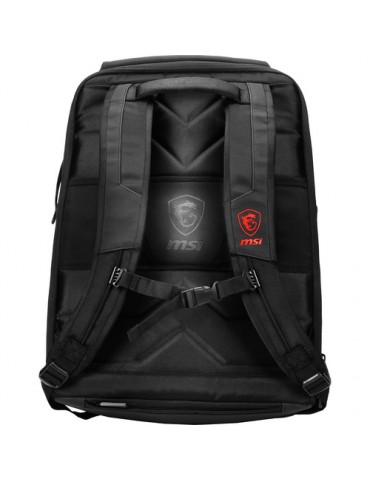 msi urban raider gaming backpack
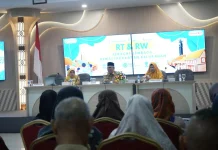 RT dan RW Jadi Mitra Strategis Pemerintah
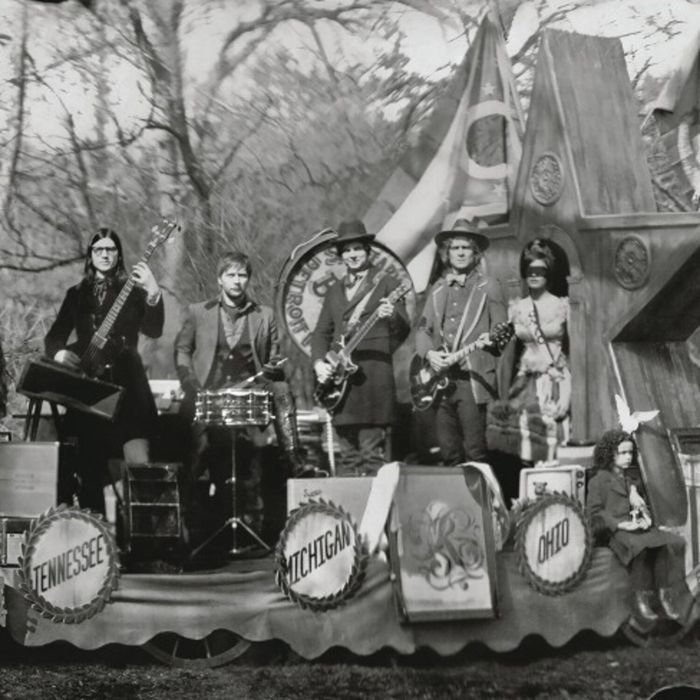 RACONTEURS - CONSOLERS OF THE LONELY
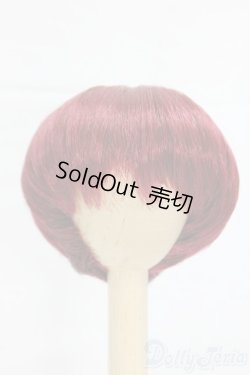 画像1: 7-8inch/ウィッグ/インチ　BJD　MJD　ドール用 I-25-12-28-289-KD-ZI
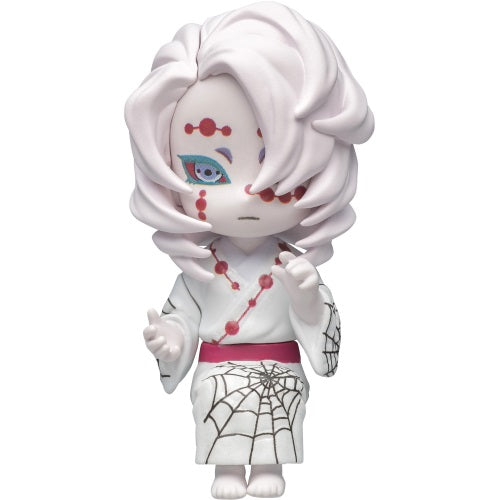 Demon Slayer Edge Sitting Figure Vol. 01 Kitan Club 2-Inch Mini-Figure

...

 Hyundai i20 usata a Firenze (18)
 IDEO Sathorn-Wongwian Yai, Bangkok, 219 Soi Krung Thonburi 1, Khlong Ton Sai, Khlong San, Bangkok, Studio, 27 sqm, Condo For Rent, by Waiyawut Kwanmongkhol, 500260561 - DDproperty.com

* * *

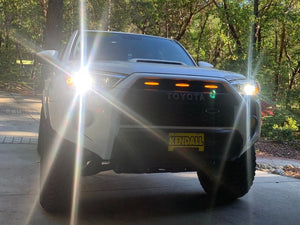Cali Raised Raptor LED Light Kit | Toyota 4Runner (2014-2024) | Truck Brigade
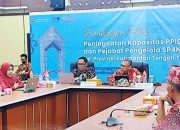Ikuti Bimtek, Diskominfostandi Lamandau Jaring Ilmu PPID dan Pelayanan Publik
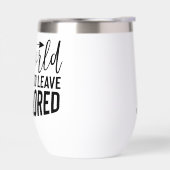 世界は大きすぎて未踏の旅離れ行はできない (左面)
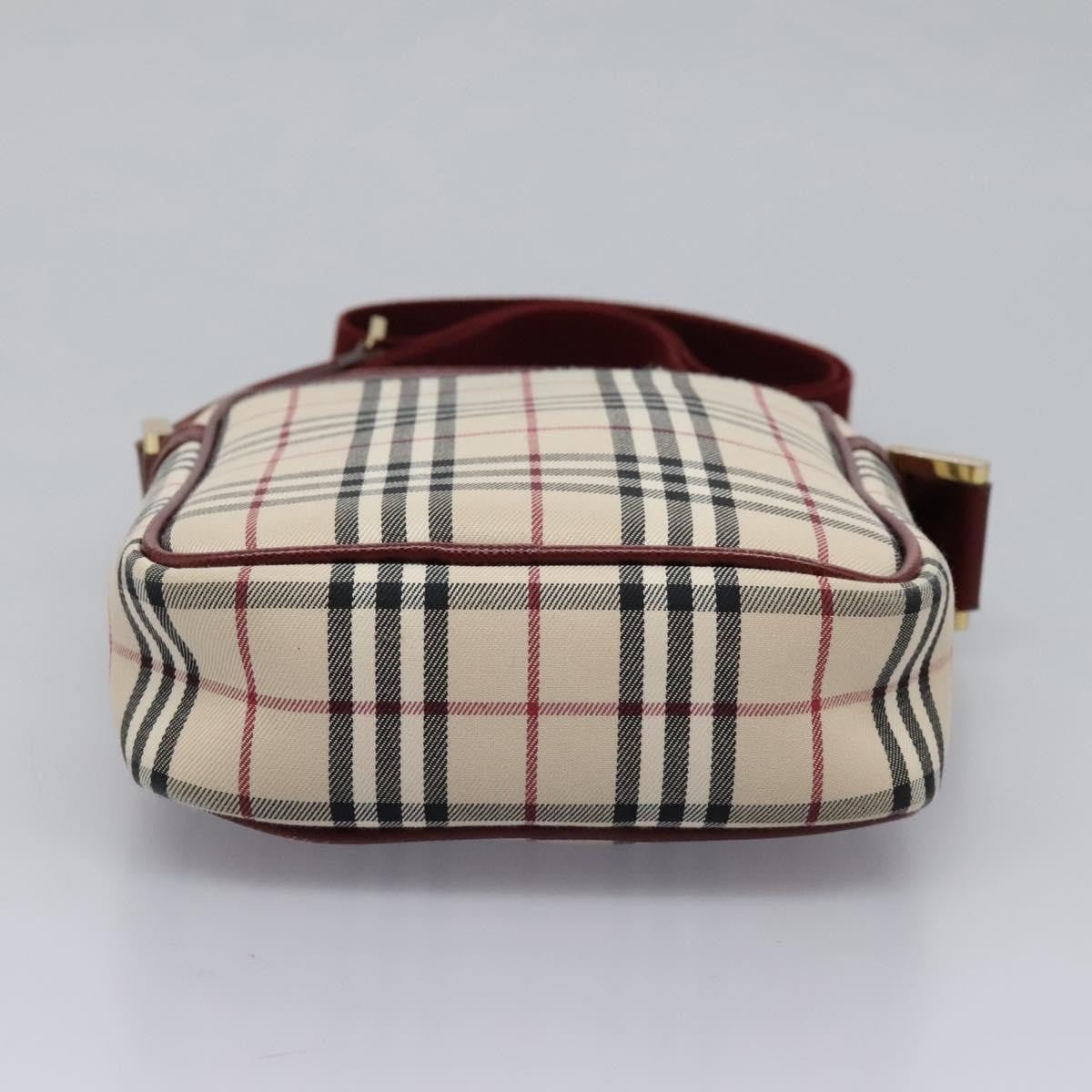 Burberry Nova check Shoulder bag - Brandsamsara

Work order -
Working from the data above, repeat exactly, and only, the lines that begin at the line containing "画像1: 7-8inch/ウィッグ/インチ　BJD　MJD　ドール用 I-25-12-28-289-KD-ZI" and stop after the line containing "Demon Slayer Edge"; pictures are not copied.

Response area -
 画像1: 7-8inch/ウィッグ/インチ　BJD　MJD　ドール用 I-25-12-28-289-KD-ZI
 Demon Slayer Edge Sitting Figure Vol. 01 Kitan Club 2-Inch Mini-Figure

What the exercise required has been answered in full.